WORK REQUIRED:
Take the lines below from the one with "Jeju Sejong Hotel 16/37" through the one with "Image 17 of 24 For 2851 Iris Avenue B" and retype them exactly. Include nothing else, and no pictures.

TASK MATERIAL:
%%
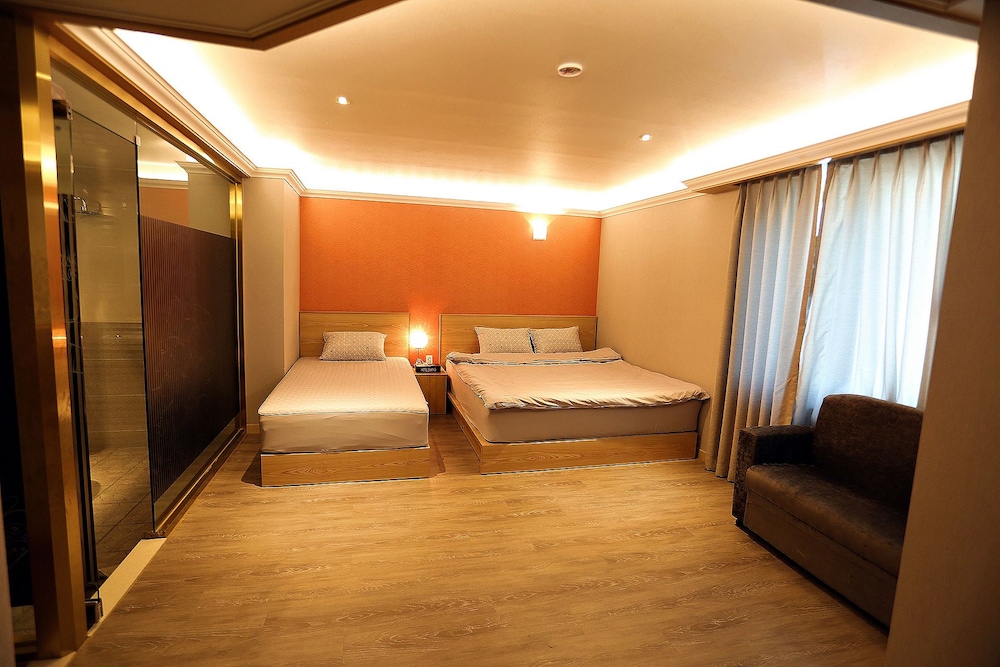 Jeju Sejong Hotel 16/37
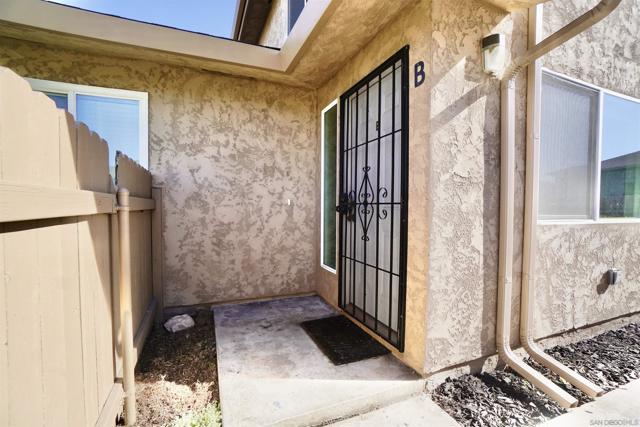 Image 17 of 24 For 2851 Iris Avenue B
%%
%%
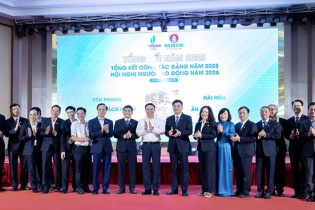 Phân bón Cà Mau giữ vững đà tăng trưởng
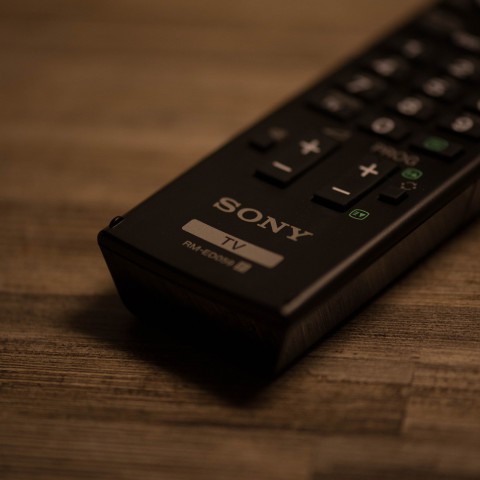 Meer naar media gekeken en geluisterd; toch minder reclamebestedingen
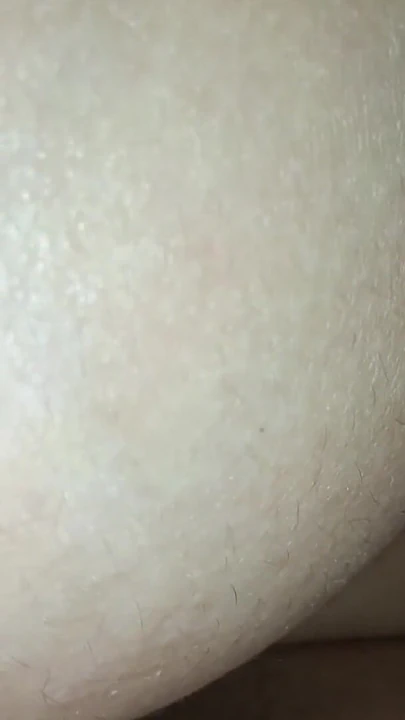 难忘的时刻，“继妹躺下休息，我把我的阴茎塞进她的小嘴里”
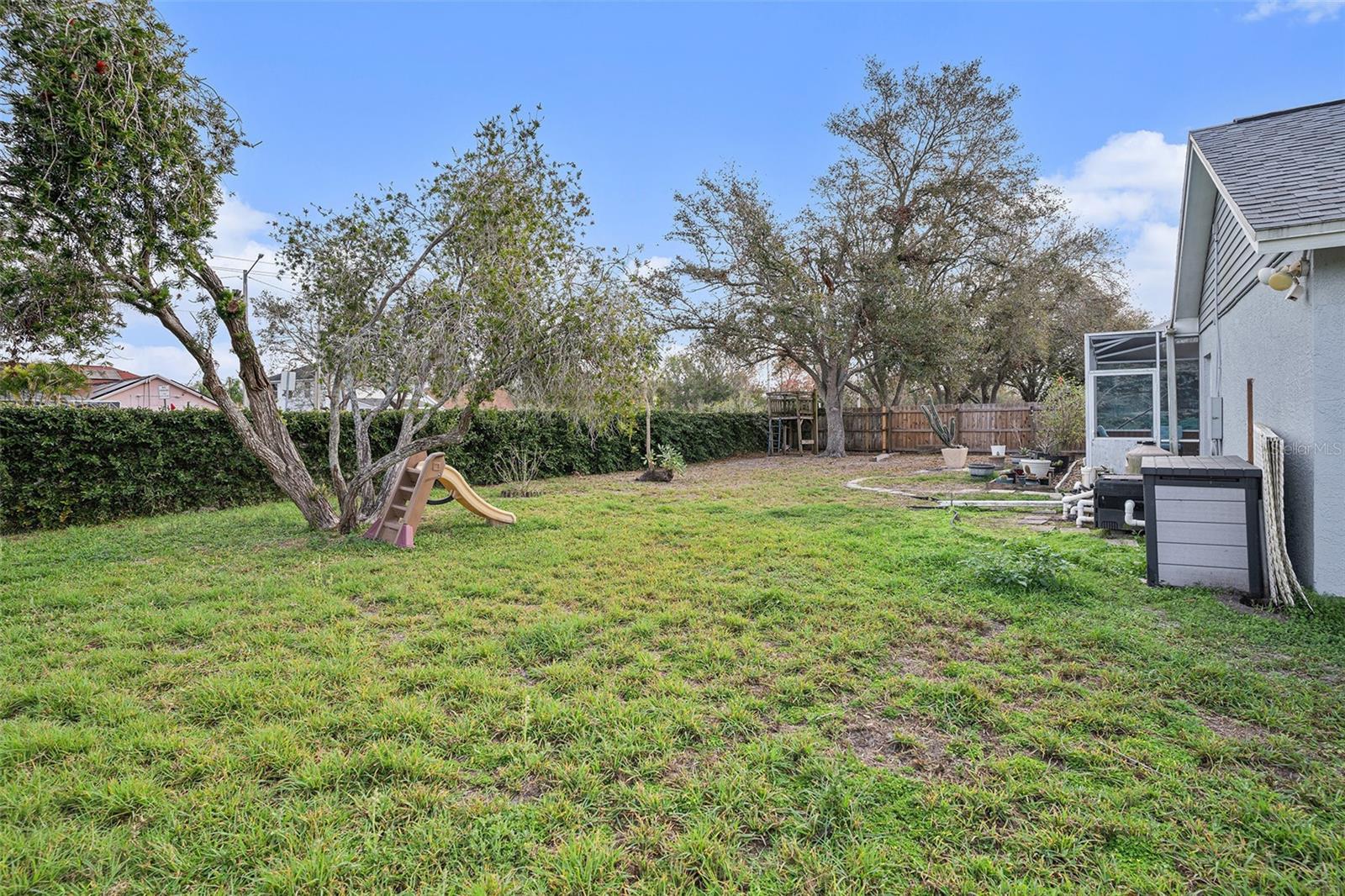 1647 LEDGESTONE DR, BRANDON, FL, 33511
%%
TASK ANSWER:
 Jeju Sejong Hotel 16/37
 Image 17 of 24 For 2851 Iris Avenue B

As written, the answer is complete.